Gwytin Gwestiniog lived by Llangorse Lake. One day he saw a band of women dancing in his field of oats. He was not best pleased by the sight and chased after them until they plunged into the lake and disappeared beneath its surface. From this he realised that these were not ordinary women who were trampling down his oats. The same thing happened a second day and, where a more sensible man might resolve to leave well alone, he chased after them again with the same result. These events repeated themselves for a third time but, as they disappeared into the water, he seemed to hear a voice in his head telling him that, if he had only chased them at night time, he might have caught up with them.

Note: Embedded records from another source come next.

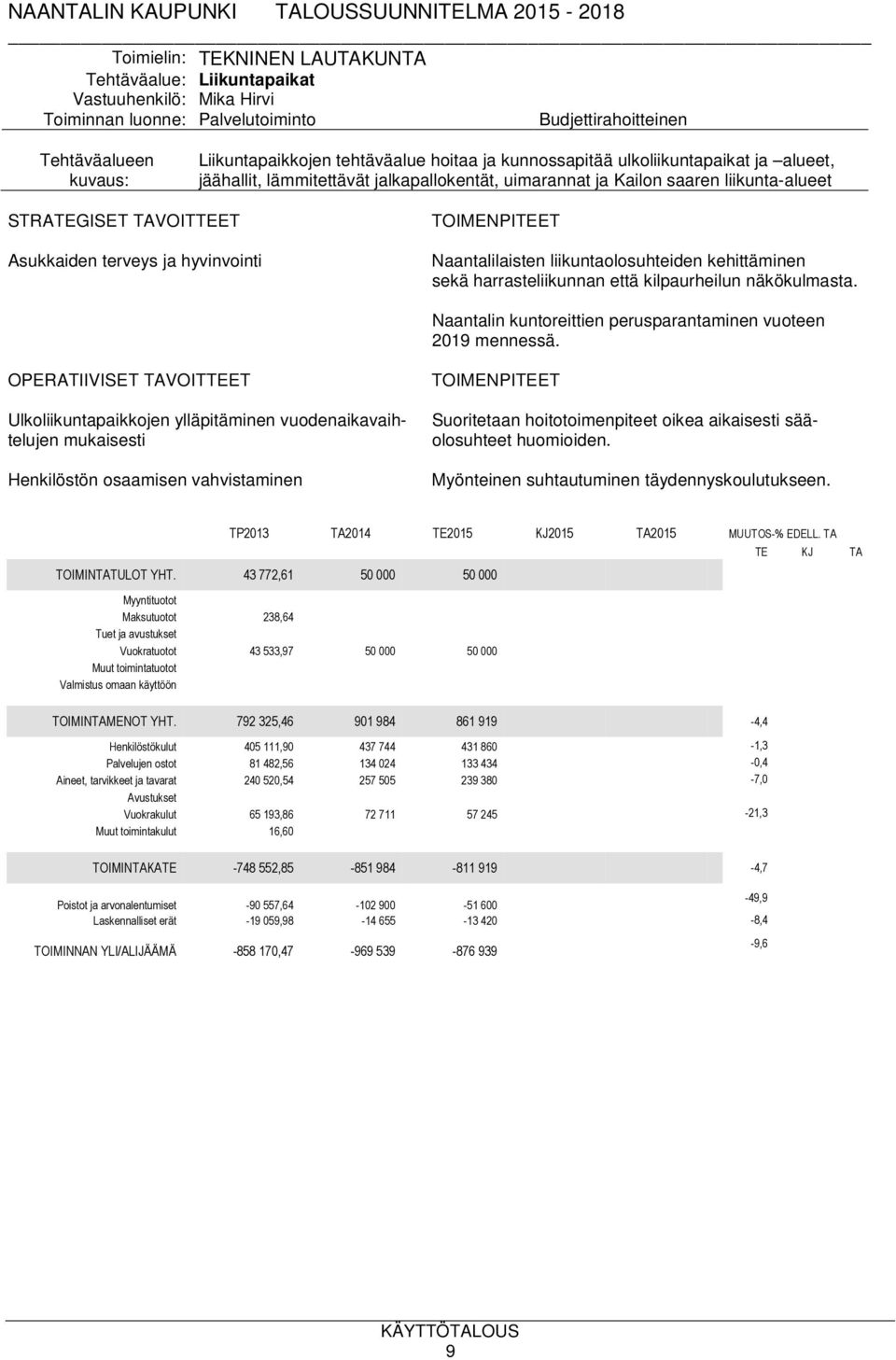 Naantalilaisten liikuntaolosuhteiden kehittäminen sekä harrasteliikunnan että kilpaurheilun näkökulmasta. Naantalin kuntoreittien perusparantaminen vuoteen 2019 mennessä.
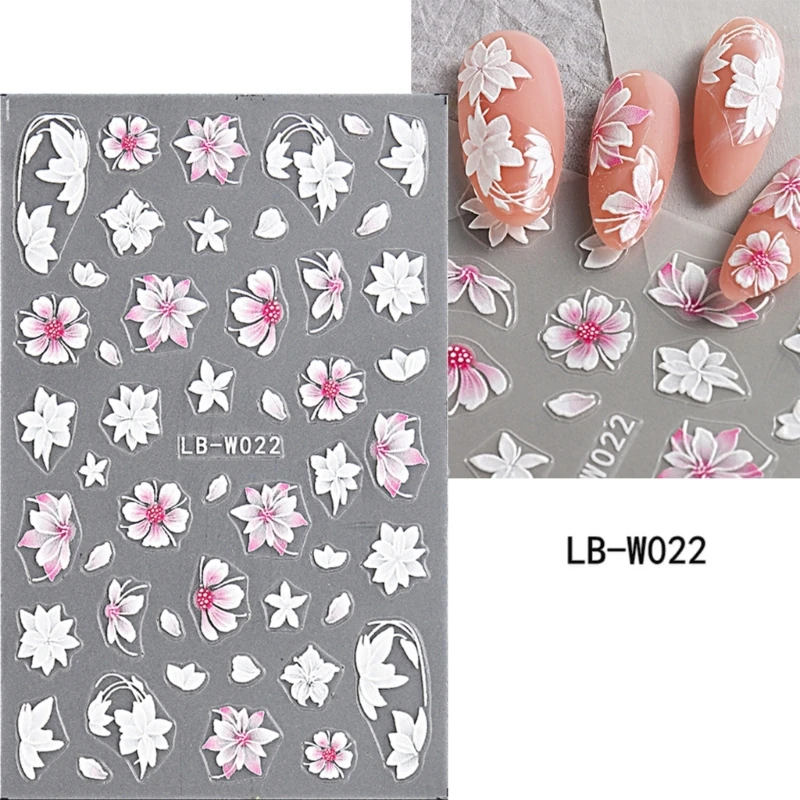 RXJC 5D Rose Decals Flores Art Adesivos Decalques DIY Decorações manicure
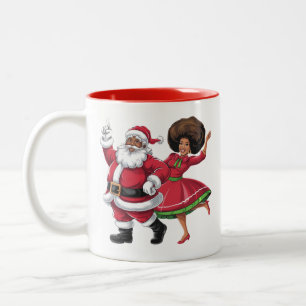 Tasse 2 Couleurs African Père Noël Mme Claus Dansant Noël américain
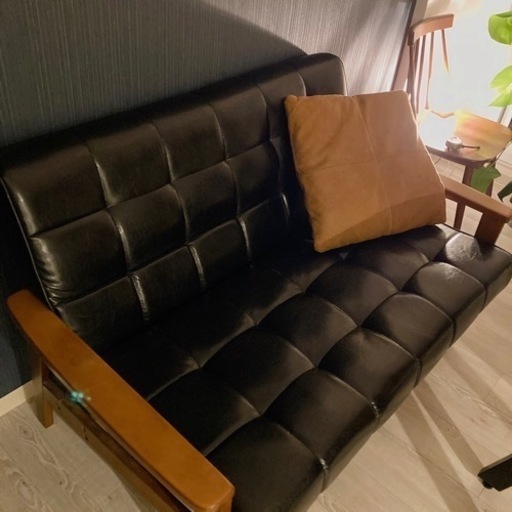 【ReCENO】2人掛け ソファー ヴィンテージ ブラック レザー 合成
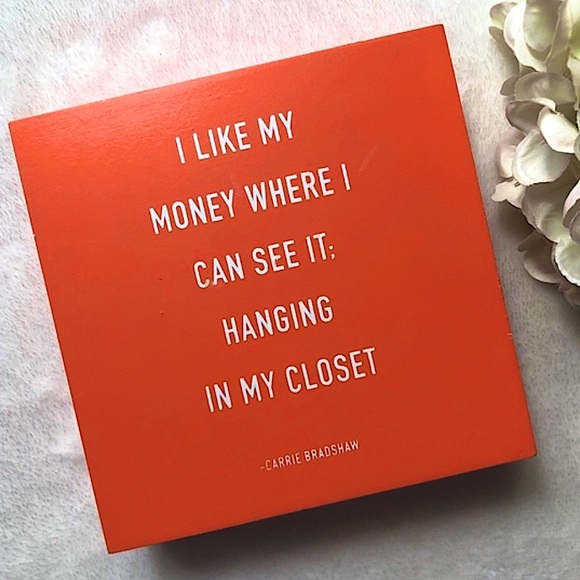 5x5 "I Like My Money" Box Art wood Dabney Lee wall decor orange - Picture 1 of 6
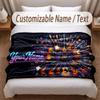 Music Guitar Theme Soft Blanket Personalized Custom Name Text Print Warm Blanket Home Sofa Bedroom Decor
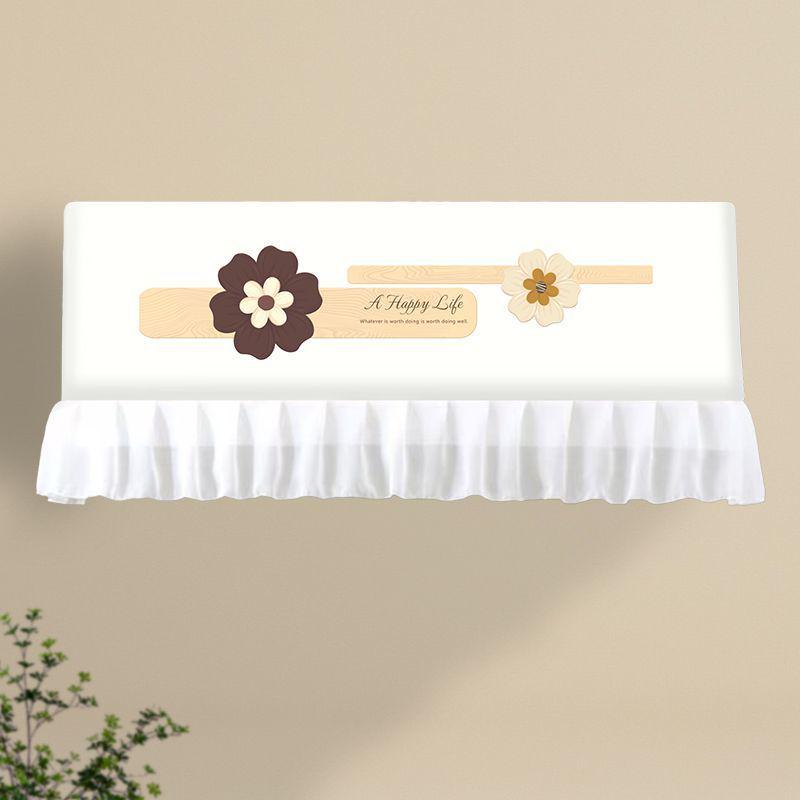 Air Conditioner Wind Deflector: Prevents Direct Blowing with Cute Print, Fits Hanging Units, Fully Enclosed Dust Cover Included.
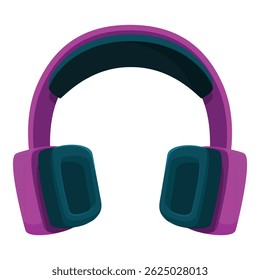 Purple headphones with large comfortable earcups for listening music or playing video games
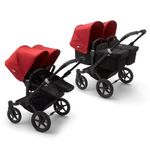 Bugaboo - Carucior Donkey 3 Twin Black/Black/Red fotografia produsului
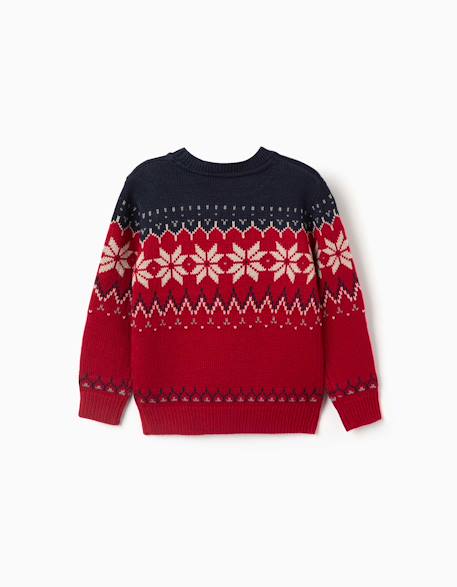 Pull en maille avec motif jacquard Beige+Bleu foncé 5 - vertbaudet enfant 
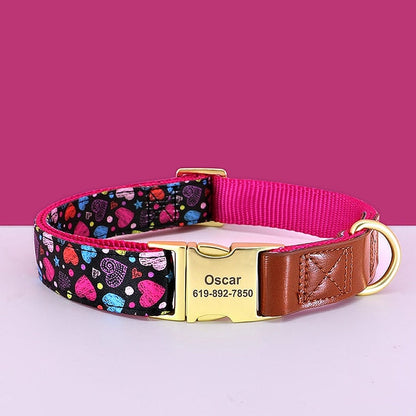 Flower Print Personalized Nylon Dog Collar - My Puppy Fresh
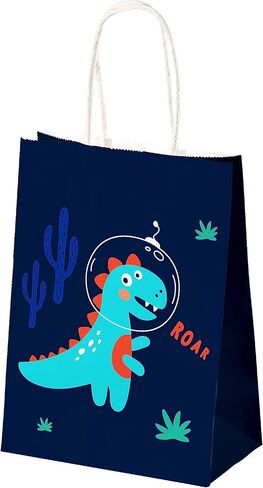 PINWATT 30Pcs Cute Dinosaur Gift Bags with Handles, 8.7 inches Small Paper Bags, Party Treat Favor Bags, Goodie Bags for Birthday, Baby Shower, Christmas, Graduations,Party Supplies in Saudi Arabia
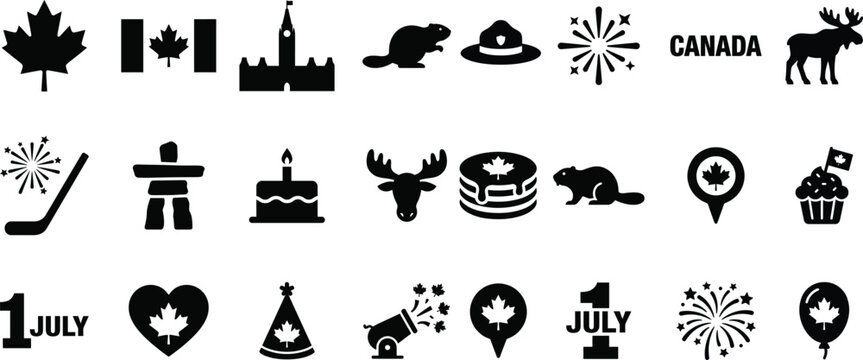 Canada Day Celebration Icons Black and White Silhouettes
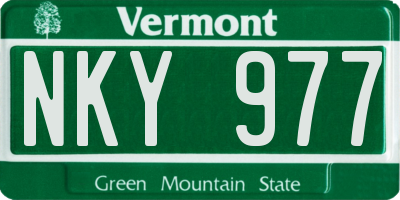 VT license plate NKY977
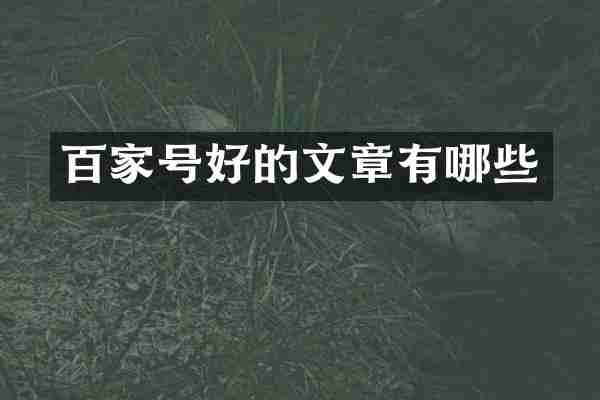 百家号好的文章有哪些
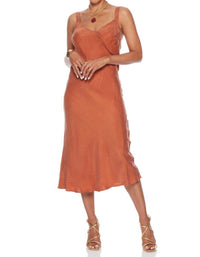 LUCY PARIS Karine Slip Dress in orange - women's dress - detail view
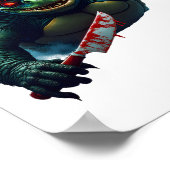 Creepy Scary Halloween Turtle T-Shirt Poster (Ecke)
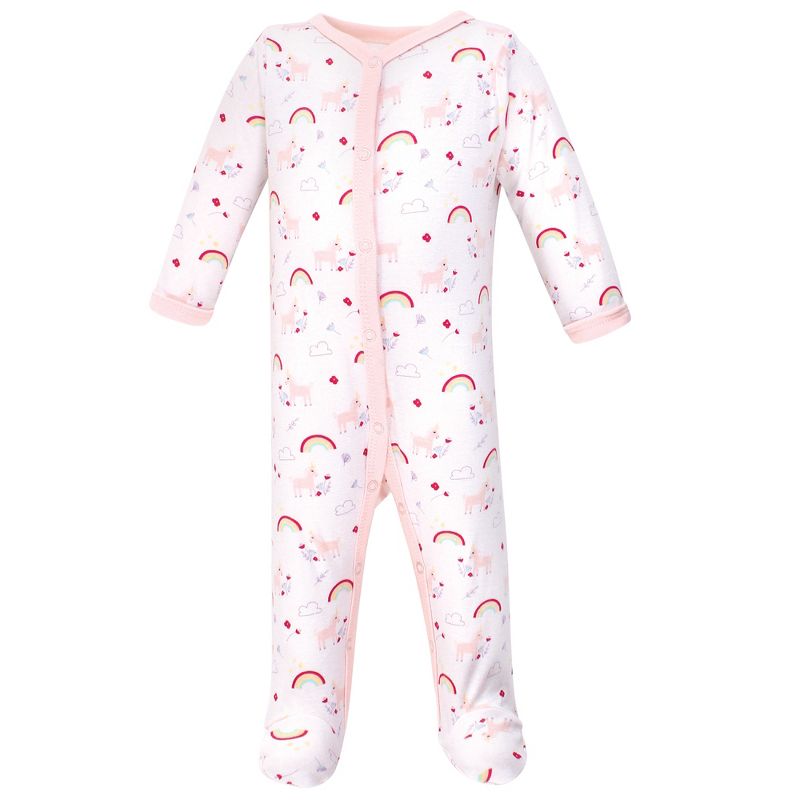 Luvable Friends Baby Girl Cotton Snap Sleep and Play 3pk, Unicorn, 4 of 6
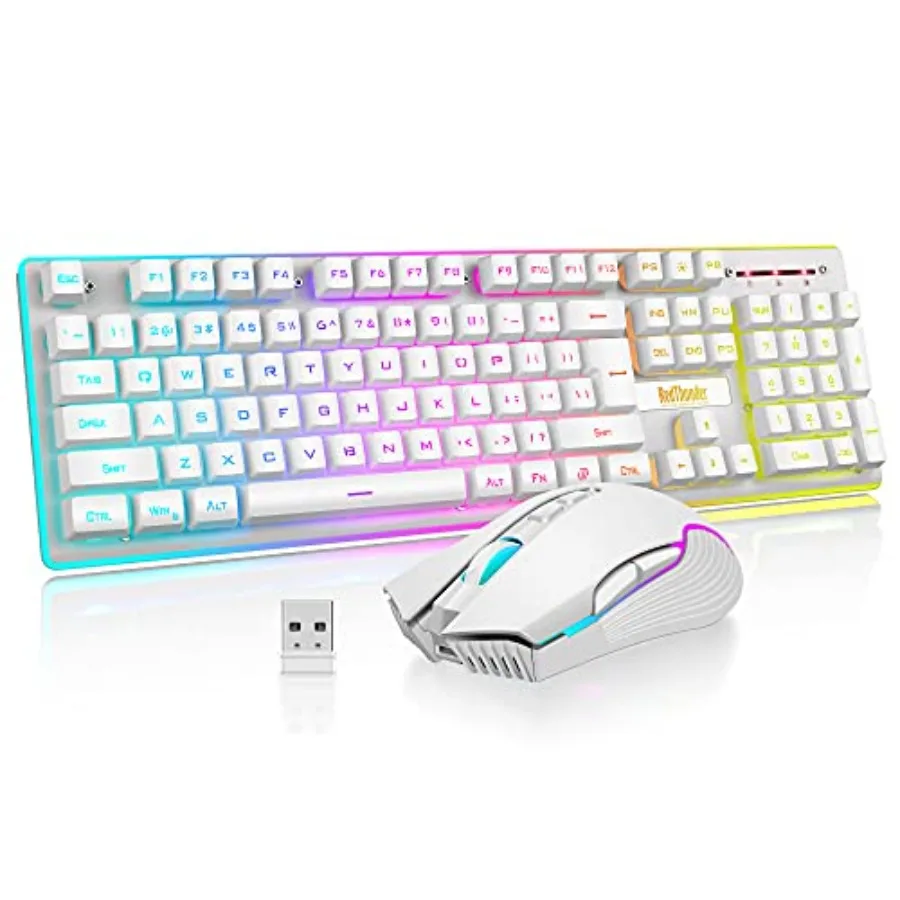 PC gaming keyboard and mouse combo: ABS plastic black LED backlit with mechanical feel anti-ghosting 3800mAh rechargeable batte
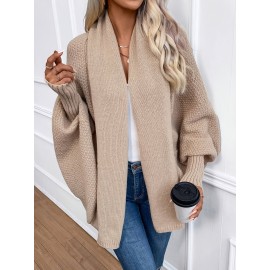 Versatile Solid Color Open Front Batwing Sleeve Cardigan for Spring & Fall, Women's Clothing
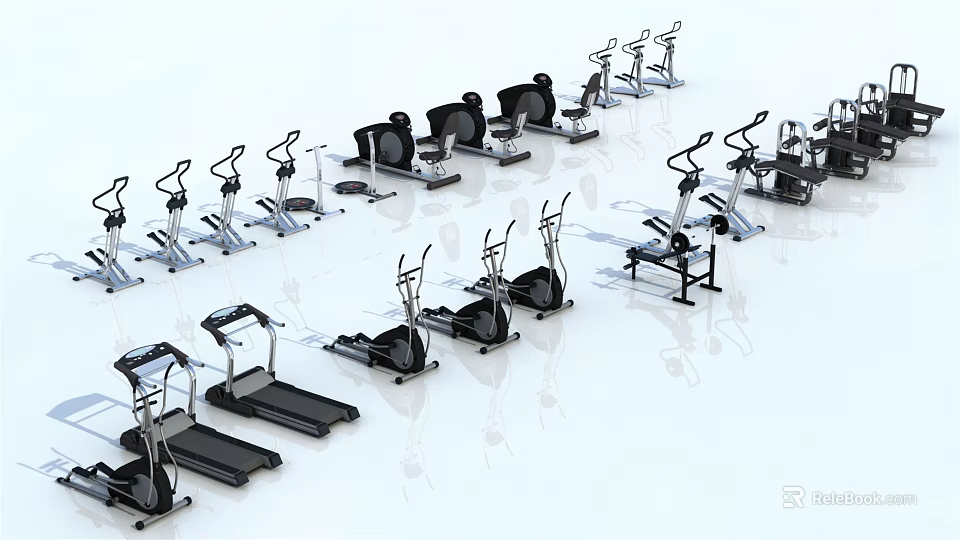 Various Sports Equipment Including Treadmills Elliptical Machines And Exercise Bikes For Fitness Training 3d model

So, the fourth day, he waited until darkness had fallen before he went to his oat field. Sure enough the ladies were dancing again. He raced towards them and they again headed for the lake, but one seemed to be falling behind her companions and he was able to grab hold of her dress. When she turned to face him he was struck down by her beauty and he fell to his knees and begged her to marry him.
“I will gladly serve and obey you with all devotion until the day when you hear shouting beyond the river Llyfni and you strike me with your bridle.”
“Well that will never happen.” said Gwytin. So they were married and lived contentedly for many years and had many children. The youngest boy, Triuncin, was born with a slight deformity of the leg and was therefore known in the vicinity as Triuncin with the crutch.
When Triuncin was about seven his father was at dinner when he heard a terrible screaming from over the river. Fearing that someone was after his cattle he rose quickly from the table and grabbed the bridle off the wall.
“Will you leave the food I have prepared for you to go cold?”
In his fear and anger Gwytin struck his wife with the bridle. “What’s more important, my cattle or your food?”
He ran to his horse and then rode to where his cattle were, over the river but when he got there they were grazing contentedly and there was no noise other than the splashing of the river and Gwytin’s heartbeat. Realising his mistake he desperately turned his horse around and rode back to his farmstead, only to see his wife and children running towards the lake.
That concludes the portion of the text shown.